STORED DATA

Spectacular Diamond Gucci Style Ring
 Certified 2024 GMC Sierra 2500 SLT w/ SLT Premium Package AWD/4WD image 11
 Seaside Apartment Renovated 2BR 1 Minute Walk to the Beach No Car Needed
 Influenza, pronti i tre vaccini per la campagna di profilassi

WHAT IS BEING ASKED
Repeat the data in full, exactly as supplied.

RESPONSE FOR THIS EXERCISE
Spectacular Diamond Gucci Style Ring
 Certified 2024 GMC Sierra 2500 SLT w/ SLT Premium Package AWD/4WD image 11
 Seaside Apartment Renovated 2BR 1 Minute Walk to the Beach No Car Needed
 Influenza, pronti i tre vaccini per la campagna di profilassi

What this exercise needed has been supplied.